Dies alles müsste mit einer intensiven politischen Bildung der Menschen einhergehen, die in Schule und Medien auf den Austausch gegensätzlicher Fakten und Argumentationsketten statt auf Propaganda, Nudging, Cancel Culture und Social Engineering setzt. Da all dies jedoch nicht geschieht, befindet sich die Politikverdrossenheit in Deutschland auf einem absoluten Allzeithoch. So haben 80 Prozent der Bürger kein Vertrauen mehr in ihre Regierung.

Die Krise unseres Parteienstaats lässt sich sehr gut mit den offiziellen Mitgliederzahlen verdeutlichen. Wenn man bedenkt, dass in den Parteien maximal 10 Prozent der Mitglieder wirklich aktiv in die Partei- und Fraktionsarbeit eingebunden sind, wird klar, weshalb sich Spitzenpolitiker trotz multipler Betrugsfälle und sonstiger Verfehlungen über Jahrzehnte im Machtapparat halten. Es gibt schlicht und ergreifend kaum Wettbewerb. Die Mitgliederzahlen betragen nach eigenen Angaben deutschlandweit:

CDU/CSU: 503.986
SPD: 379.861
Die Grünen: 126.451
FDP: 76.100
Die Linke: 54.214
AfD: 29.180
Gesamt: 1.170.000

Interessant ist ebenfalls das hohe Durchschnittsalter der jeweiligen Parteimitglieder:

CDU/CSU: 60 Jahre
SPD: 60 Jahre
Die Grünen: 48 Jahre
FDP: 51 Jahre
Die Linke: 55 Jahre
AfD: 55 Jahre

Während bei SPD, Die Linke und AfD die Mitgliedschaft erst ab 14 Jahren und bei den Parteien CDU/CSU und FDP erst ab 16 Jahren möglich ist, nehmen die Grünen ihre klimabewegten Kinder oft schon von Geburt an in ihre Jugendorganisation auf. So kommt die „Grüne Jugend“ derzeit auf stolze 16.000 Mitglieder. Zur Fortsetzung der aktuell maximal destruktiven Außen-, Wirtschafts- und Sozialpolitik olivgrüner Prägung werden sie darauf vorbereitet, ihrer wider Erwarten doch nicht letzten Generation einen Bärendienst zu erweisen und ihr den Weg in eine freie und gute Zukunft konsequent zu verbauen.
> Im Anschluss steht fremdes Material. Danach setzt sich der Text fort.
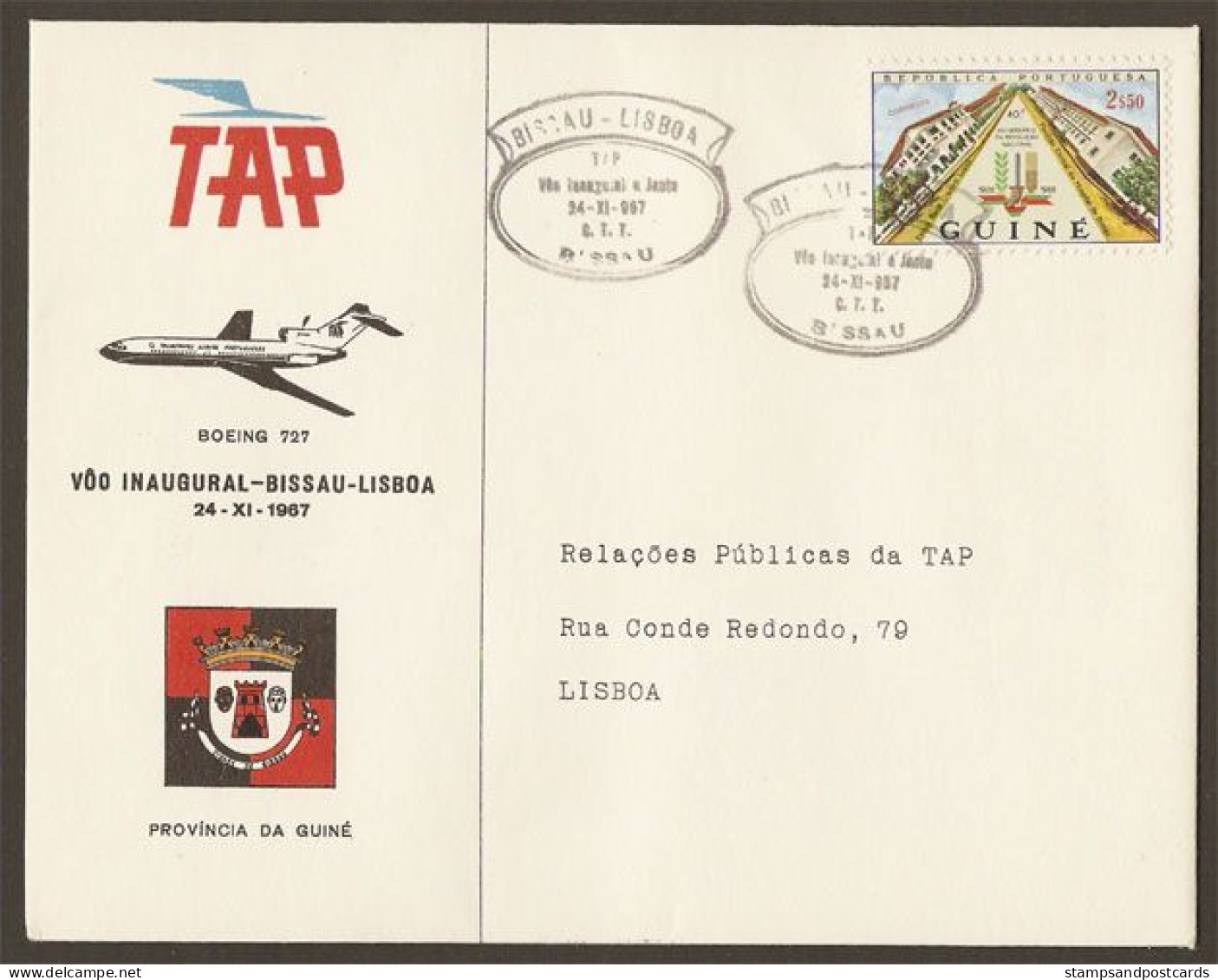 Guinée Portugaise Bissau Portugal Premier Vol TAP Boeing 727 Bissau Lisbonne 1967 First Flight Bissau Lisbon - Portuguese Guinea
Logischerweise kam auch der Politologe Dr. Oskar Niedermayer aus Berlin im Jahre 2017 zu dem Ergebnis, dass die Mitgliedschaft der im Bundestag vertretenen Parteien nicht den Verteilungen in der Gesamtbevölkerung entspricht. In den Parteien sind nämlich Männer, Ältere sowie Beamte und Angestellte im öffentlichen Dienst stärker vertreten als in der Gesamtbevölkerung. Es verwundert immer wieder, wie diese kleine und nicht repräsentative Politikerkaste das gesellschaftliche Zusammenleben in Deutschland seit Jahrzehnten zunehmend zu erschweren vermag. Mit einem Konvolut von desaströsen, auf unvernünftigen Ideologien basierenden Meinungen und Entscheidungen treiben sie einen Keil nach dem anderen in Familien und Freundeskreise.

Menschen unter Menschen sind deshalb dringend gefordert, konsequent gegenzusteuern.

Es sollte zum Wohle der Gemeinschaft nicht länger von Interesse sein, welcher Partei das Gegenüber sein Kreuz gegeben hat oder sogar angehört. Vielmehr sollte man sich selbst, nicht zuletzt im Austausch, eine differenzierte Meinung bilden, und politische Aktivität in parlamentarischer oder außerparlamentarischer Form sollte ein Teil der eigenen Freizeitbeschäftigung sein.

Dass man dabei Andersdenkende weder beleidigt, diffamiert, denunziert, mit Fäkalien beschmiert, schlägt, mit dem Messer sticht oder ermordet, sollte Deutschland dann irgendwann einmal gelernt haben.